Saw the sticky on the first page of this forum about returning to stock and in the process removing root. Is there a way to do that, but instead of flashing back to 4.0.2 to be able to flash AOKP or CNA so I can at least keep some of the customization options I have grown so accustomed to?


----------



## rman18 (Jan 13, 2012)

It doesn't sound like you need to remove root... sounds more like you need to stop the service thats checking for root


----------



## mazz0310 (Jul 7, 2011)

I'm pretty sure it checks for su and superuser.apk.

I am in charge of both Blackberry and Good for Enterprise where I work, and although our policy does not check for root, I'm pretty sure those are the two files it looks for. Just uninstall superuser.apk and then use root explorer to delete su.

(I think that will work)


----------



## atakin77 (Aug 19, 2011)

mazz0310 said:


> I'm pretty sure it checks for su and superuser.apk. I am in charge of both Blackberry and Good for Enterprise where I work, and although our policy does not check for root, I'm pretty sure those are the two files it looks for. Just uninstall superuser.apk and then use root explorer to delete su. (I think that will work)

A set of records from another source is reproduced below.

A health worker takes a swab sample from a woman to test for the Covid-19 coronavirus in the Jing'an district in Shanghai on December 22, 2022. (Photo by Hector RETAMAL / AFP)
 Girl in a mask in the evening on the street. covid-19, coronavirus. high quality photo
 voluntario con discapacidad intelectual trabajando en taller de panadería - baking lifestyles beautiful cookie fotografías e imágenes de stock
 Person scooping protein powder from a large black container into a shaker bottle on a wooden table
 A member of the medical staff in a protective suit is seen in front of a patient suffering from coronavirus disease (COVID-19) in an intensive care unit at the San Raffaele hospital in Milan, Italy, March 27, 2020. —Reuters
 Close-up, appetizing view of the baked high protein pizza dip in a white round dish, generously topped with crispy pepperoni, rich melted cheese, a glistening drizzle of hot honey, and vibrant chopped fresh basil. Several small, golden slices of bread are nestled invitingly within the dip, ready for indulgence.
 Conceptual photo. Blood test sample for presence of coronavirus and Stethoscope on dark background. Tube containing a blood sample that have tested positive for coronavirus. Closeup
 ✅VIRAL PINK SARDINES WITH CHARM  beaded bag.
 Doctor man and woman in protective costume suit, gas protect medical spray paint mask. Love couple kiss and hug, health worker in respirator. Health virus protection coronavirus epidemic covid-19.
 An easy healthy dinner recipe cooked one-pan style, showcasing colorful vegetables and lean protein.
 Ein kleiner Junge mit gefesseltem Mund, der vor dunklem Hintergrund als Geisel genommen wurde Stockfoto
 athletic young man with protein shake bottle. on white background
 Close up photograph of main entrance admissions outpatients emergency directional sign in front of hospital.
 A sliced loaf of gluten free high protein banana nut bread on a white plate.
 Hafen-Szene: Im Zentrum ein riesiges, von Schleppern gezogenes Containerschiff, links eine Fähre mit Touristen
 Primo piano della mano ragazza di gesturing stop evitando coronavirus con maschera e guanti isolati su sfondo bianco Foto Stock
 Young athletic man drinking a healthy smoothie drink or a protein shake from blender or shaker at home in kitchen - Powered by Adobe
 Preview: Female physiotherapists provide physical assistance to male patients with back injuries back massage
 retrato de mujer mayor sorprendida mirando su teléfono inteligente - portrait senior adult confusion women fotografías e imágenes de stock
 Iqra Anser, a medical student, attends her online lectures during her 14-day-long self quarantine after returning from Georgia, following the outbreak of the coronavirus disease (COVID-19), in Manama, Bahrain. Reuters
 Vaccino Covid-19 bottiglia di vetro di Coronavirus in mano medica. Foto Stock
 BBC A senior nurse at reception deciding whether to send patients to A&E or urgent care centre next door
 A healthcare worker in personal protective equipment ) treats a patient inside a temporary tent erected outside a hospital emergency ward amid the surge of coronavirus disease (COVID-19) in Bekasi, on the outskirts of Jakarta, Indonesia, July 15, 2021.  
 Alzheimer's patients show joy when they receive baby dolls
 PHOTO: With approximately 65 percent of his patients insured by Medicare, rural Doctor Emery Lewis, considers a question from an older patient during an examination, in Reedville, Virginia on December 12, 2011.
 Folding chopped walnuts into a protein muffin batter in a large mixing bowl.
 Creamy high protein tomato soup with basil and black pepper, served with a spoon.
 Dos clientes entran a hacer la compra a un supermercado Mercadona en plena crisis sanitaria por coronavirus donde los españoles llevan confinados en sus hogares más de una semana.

Thanks, I will give this a whirl and let you know how it works. Waiting on a new PIN from good as my other expired due to the attempted install with root.


----------



## xRogerxC (Nov 27, 2011)

Ghub1 said:


> Doesn't voodoo ota root keeper have a temp unroot? You can use that to temp unroot it for while you are at work.
> 
> Sent from my Galaxy Nexus using Tapatalk


+1. This is perfect for what you need, and it's a free app! Great App by supercurio.

Verizon Galaxy Nexus 
AOKP Build 22, Stock kernel, 
4.0.4 Bootloader and Radios. 
Sent via Tapatalk


----------